Suppose $f:[0,1]\to\mathbb R^n$ is continuous. For a partition $P=\{t_0=0,t_1,t_2,\cdots,t_{m-1},t_m=1\}$, with norm $|P|=\max_i(t_i-t_{i-1})$, define
$$\sum_P\lVert df\rVert=\sum_{i=1}^m\lVert f(t_i)-f(t_{i-1})\rVert,$$ $$S=\sup_P\sum_P\lVert df\rVert,$$ $$L=\lim_{|P|\to0}\sum_P\lVert df\rVert.$$
We want to prove that if either $S$ or $L$ exists, then they both exist and $S=L$.
To be clear, the definition of $L$ is: for any $\varepsilon>0$, there exists $\delta>0$ such that, for all partitions $P$ with $|P|\leq\delta$, we have $|\sum_P\lVert df\rVert-L|\leq\varepsilon$.
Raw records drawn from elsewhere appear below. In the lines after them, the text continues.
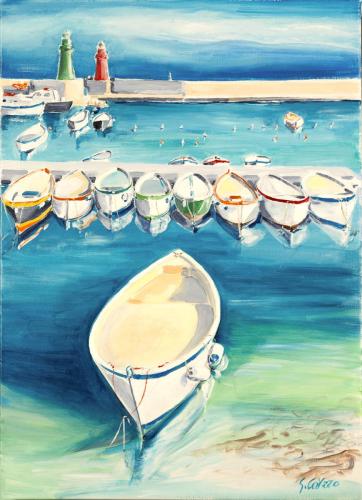 06 Porto-con-barche-2024-acrilico-su-tela-50-x-70-cm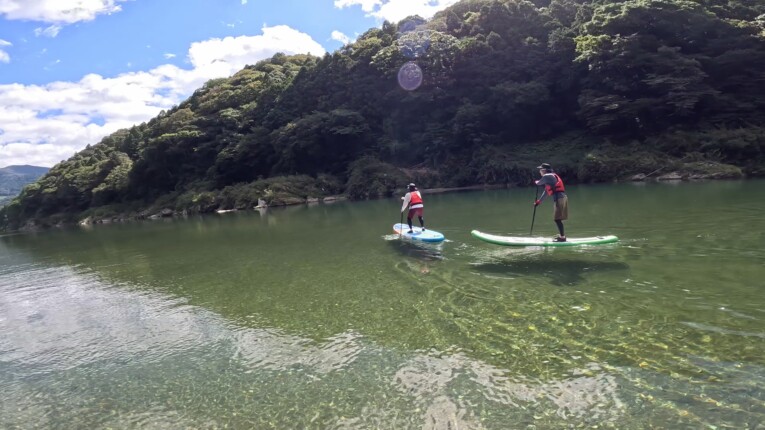 高知 SUP（サップ）｜シャワークライミング 仁淀川と吉野川で開催　ガルバンゾ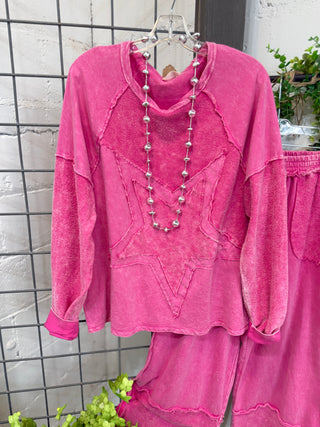 Star Crossed Top Hot Pink Sweatshirt J Her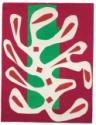 Henri Matisse, Algue blanche sur fond rouge et vert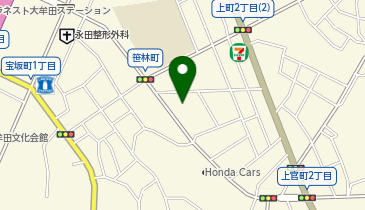 【予約制】akippa グランドホテル清風荘 第三駐車場の地図画像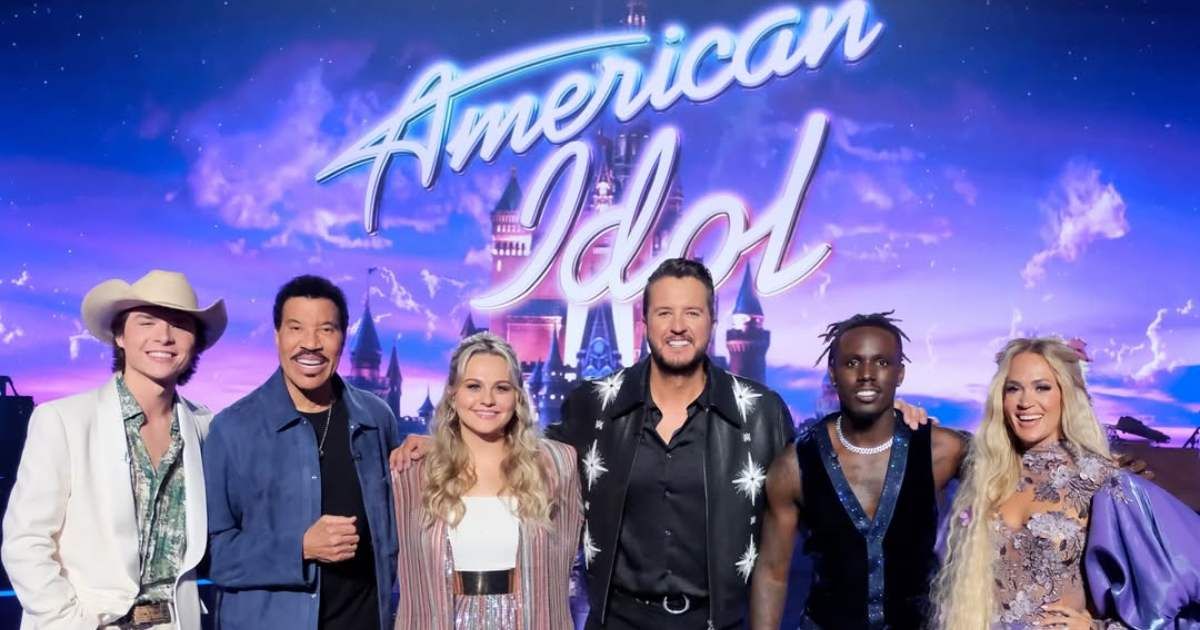 (L-R) John Foster, Lionel Richie, Breanna Nix, Luke Bryan, Jamal Roberts, and Carrie Underwood on the sets of 'American Idol' (Cover Image source: Instagram |@americanidol)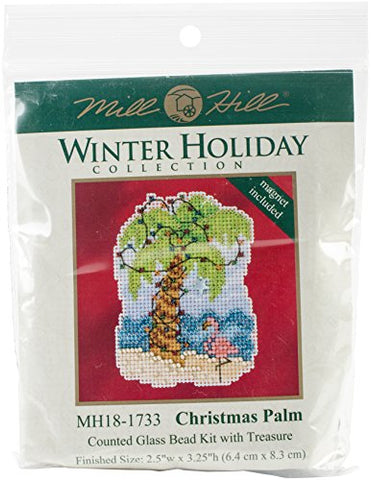 Christmas Pickle Cross Stitch Ornament Kit Mill Hill 2017 Winter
I can see that if $L$ exists then $S$ exists: Take any $\varepsilon$ and $\delta$ as above. For any partition $Q$, there is a refinement $P\supseteq Q$ with $|P|\leq\delta$ (e.g. repeatedly bisect the intervals until they're small enough), so $\sum_Q\lVert df\rVert\leq\sum_P\lVert df\rVert\leq L+\varepsilon$, where the first inequality is the triangle inequality. Thus the set of all sums $\sum_Q\lVert df\rVert$ is bounded, and has a supremum $S\leq L+\varepsilon$. Since $\varepsilon>0$ was arbitrary, we get $S\leq L$. And it's obvious that $L\leq S$.
It remains to be shown that if $S$ exists then $L$ exists. That is, we must show that $S$ satisfies the definition of $L$.